Who's Afraid of Virginia Woolf? was nominated for 13 Academy Awards including Best Picture, Best Actress, Best Actor, Best Director, Best Supporting Actress, Best Supporting Actor, Best Adapted Screenplay, Best Art Direction-Set Direction (Black and White), Best Cinematography (Black and White), Best Costume Design (Black and White), Best Editing, Best Sound and Best Music (Original Score). Of those, it took home five for Best Actress, Supporting Actress, Cinematography, Art Direction and Costume Design.

The film was nominated for seven Golden Globes for Best Picture - Drama, Best Motion Picture Director, Best Motion Picture Actress, Best Motion Picture Actor, Best Supporting Actor, Best Supporting Actress and Best Screenplay.

The film won BAFTA Film Awards for Best Film, Elizabeth Taylor as Best Actress, and Richard Burton for Best Actor.

Editor Sam O'Steen was nominated for an Eddie, the American Cinema Editors (ACE) award for Best Edited Feature Film.

Mike Nichols was nominated by the Directors Guild of America (DGA) for Outstanding Directorial Achievement in Motion Pictures.

Composer Alex North was nominated for a Grammy Award for Best Original Score Written for a Motion Picture or Television Show.

Golden Laurel Awards were given to Richard Burton, Elizabeth Taylor and Sandy Dennis for their performances in the film. George Segal was awarded second place for his performance in the Male Supporting Performance category.

The National Board of Review named Who's Afraid of Virginia Woolf? as one of the top 10 films of 1966 and named Elizabeth Taylor Best Actress of the year.

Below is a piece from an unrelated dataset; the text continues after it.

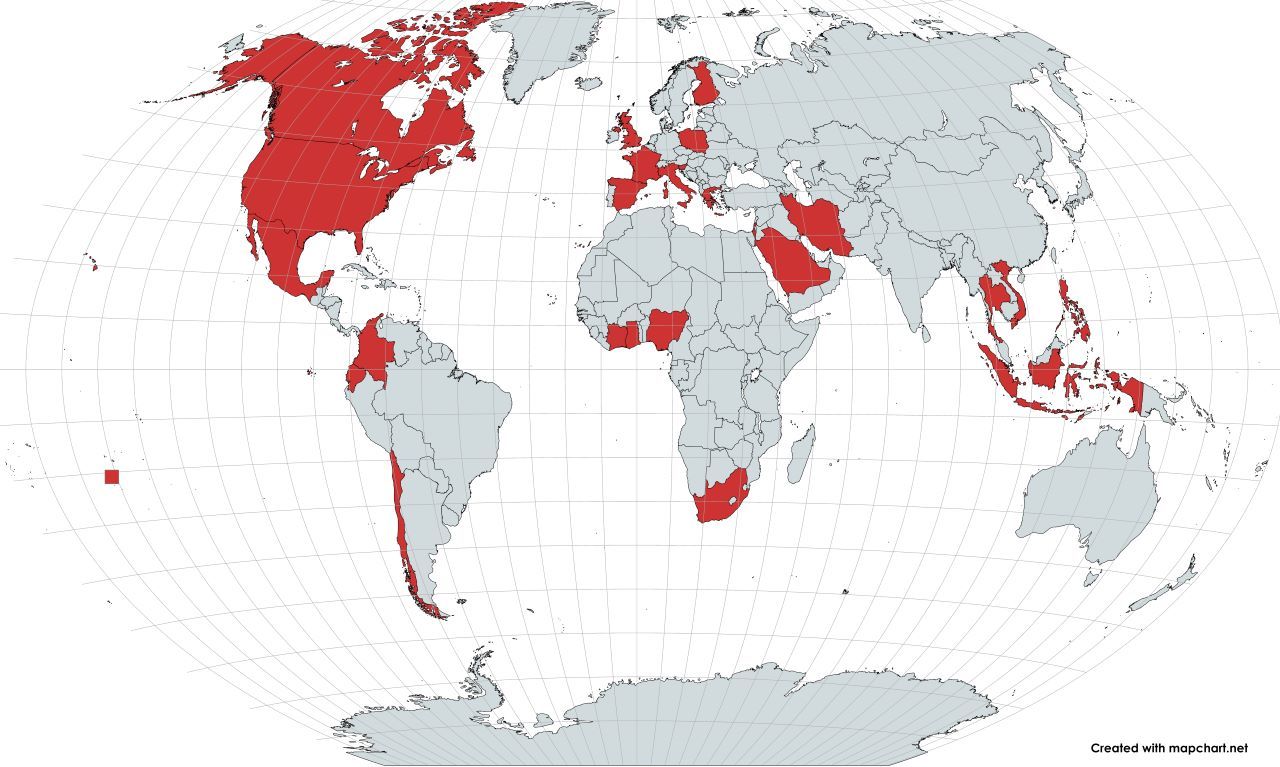 A map of the world with the united states in red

The New York Film Critics Circle named Elizabeth Taylor Best Actress. They put Richard Burton in second place as Best Actor, and the film also came in second place as Best Film.

Ernest Lehman won the Writers Guild of America (WGA) Award for Best Written American Drama for his adapted screenplay of Edward Albee's play.

In 2002, the American Film Institute named Who's Afraid of Virginia Woolf? number 89 on its list of the 100 greatest love stories of all time, "100 Years...100 Passions."

In 2007 the American Film Institute ranked this film number 67 on its 10th Anniversary Edition list of the Greatest 100 American Movies of All Time, "100 Years...100 Movies."